After a quick peek at the Salamanca Markets on Saturday, my last day, I headed back to the Art Gallery to see a wonderful exhibition documenting the experience of migrant women, mostly from Britain and Europe, who moved to Tasmania between 1945 and 1975. What I loved most were the re-created interiors showing how the women maintained a connection with their homeland and customs through food, fabrics and costumes, books, religious icons, photographs and paintings. Before the days of email photographs documenting important events and milestones were sent to relatives back in the homeland, even – particularly for Catholic families – mourning photos showing the deceased person. Whether consciously or sub-consciously, many of us more recent migrants still hold onto keepsakes, furniture, china, treasured objects and items of pure sentimental value that connect us to our heritage. My house certainly has an English cottage feel about it.

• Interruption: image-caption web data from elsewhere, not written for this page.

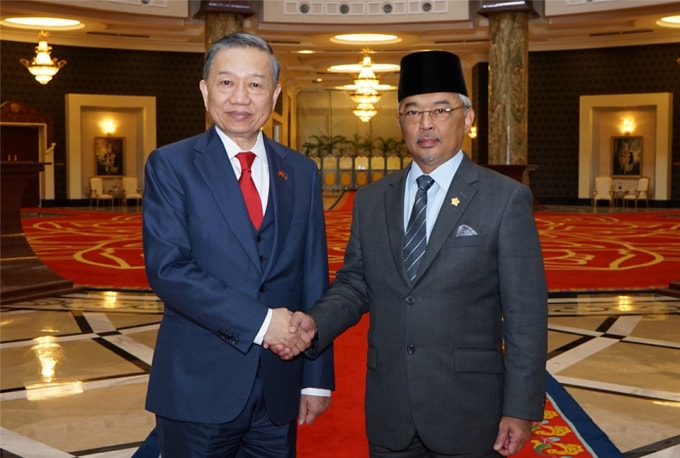 Đại tướng Tô Lâm yết kiến Quốc vương Malaysia Abdullah Sultan Ahmad Shah. Ảnh: BCA.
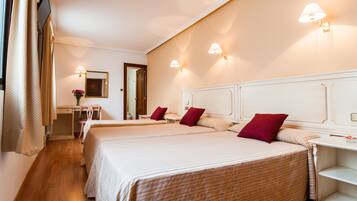 Chambre Triple | Coffres-forts dans les chambres, Wi-Fi gratuit, draps fournis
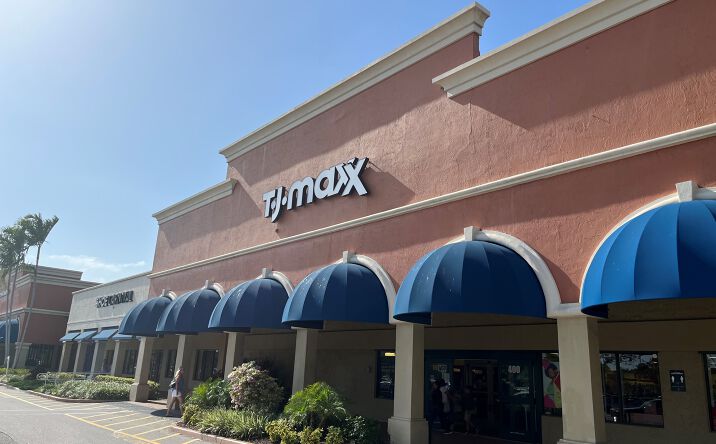 Pictures of Retail property located at 131 N. Alternate A1A, Jupiter, FL 33403 for lease - image #1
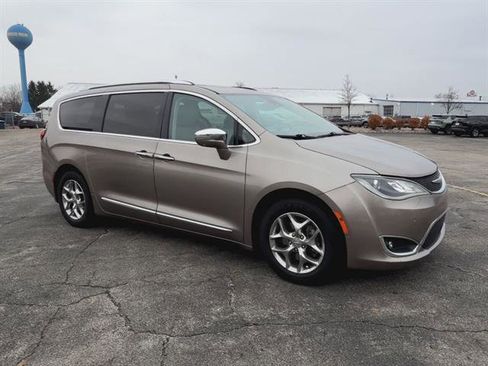 Used 2017 Chrysler Pacifica Limited w/ Advanced Safetytec Group image 26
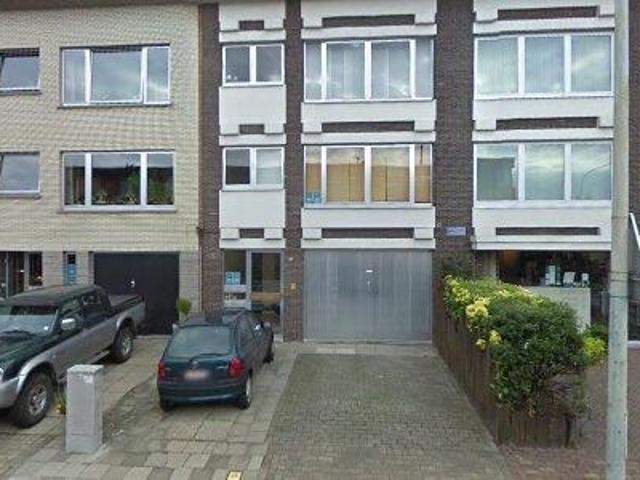 96 m2 apartment for rent in Zwijndrecht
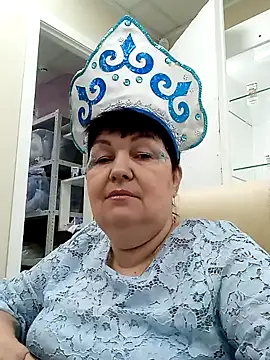 FantasyMichelle online show from December 31, 2024, 8:15 am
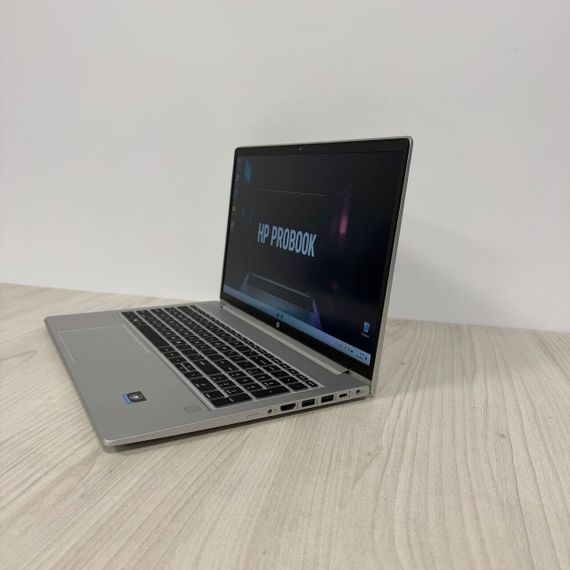 Ультрабук HP ProBook 455 G9 / 15.6" (1920x1080) IPS / AMD Ryzen 7 5825U (8 (16) ядер по 2.0 - 4.5 GHz) / 8 GB DDR4 / 256 GB SSD NVMe / AMD Radeon RX Vega 8 Graphics / WebCam б/у | Зображення 4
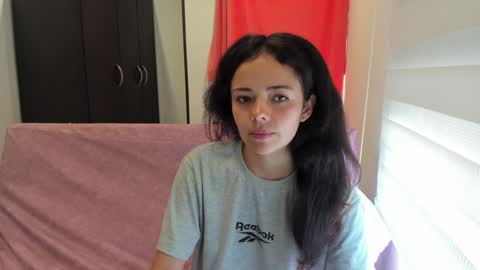 Snapshot of mal_norma chatting on 12/26/24, 06:01 Mal Norma online show from 12/26/24, 06:01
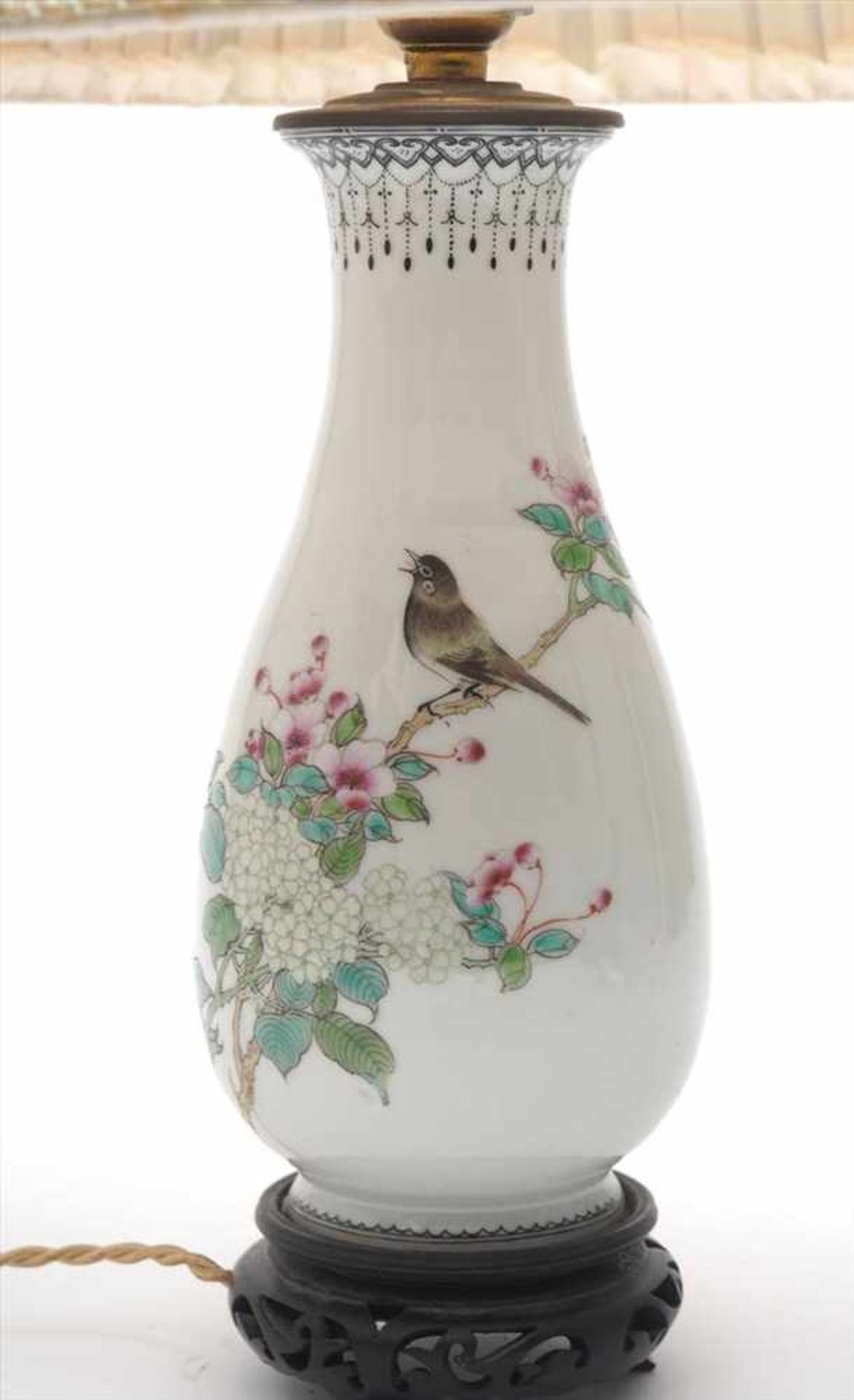 Vase, China, 19.Jhdt.Birnenförmiger Korpus mit Vogel in blühendem Strauch, verso Text und - Image 2 of 3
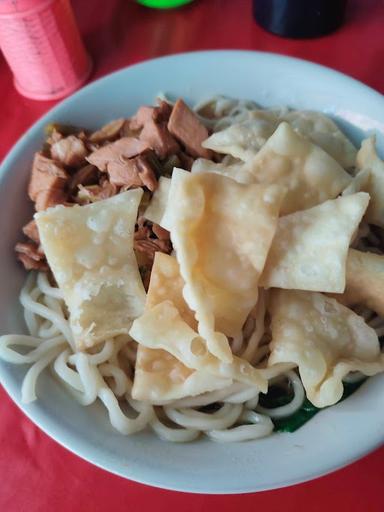 MIE AYAM CEKER WONG SOLO - TENGGILIS MEJOYO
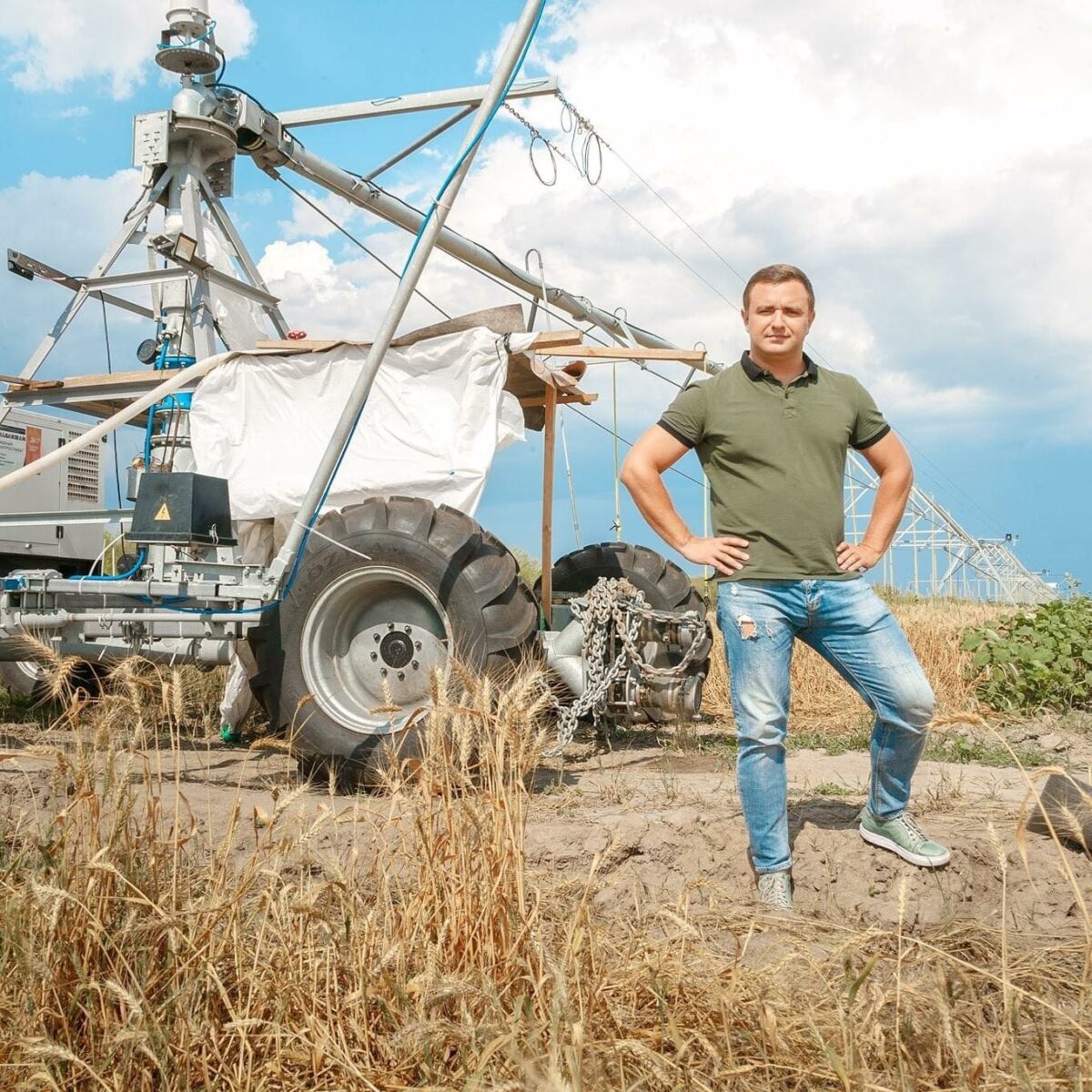 Нардеп от “Слуги народа” Ковалев встретился с человеком Путина в Херсоне и заявил, что “Россия здесь навсегда”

One of our clients at work is the Tasmanian Symphony Orchestra and I was able to attend one of their matinees on Saturday. Cleverly titled Bach to the Future, the concert featured works by Haydn, Bach, Mozart and Barber. But, for me, the most heart-soaringly beautiful piece was variations on Bach and Mendelssohn by Elena Kats-Chernin and other artists with Genevieve Lacey on recorder and clarinet. My only experience of the recorder being at school when it was invariably squeaky, never have I heard it played with such dexterity and clarity. The ‘Re-Inventions’ were interspersed with choral movements from Bach’s St Matthew Passion and Mendelssohn’s Elijah. Creating an evensong feel, the choir sang by torchlight up in the roof space and the whole thing was sublime. When I turned on the car radio back in Melbourne on Sunday, they were playing a recording of the very same concert. Spooky or what?
Before heading to the airport, I had a final cuppa in the café at the Grand Chancellor Hotel (where I had left my luggage) looking out over the water. Ah, Hobart, you’ve treated me well. Can I come back again soon?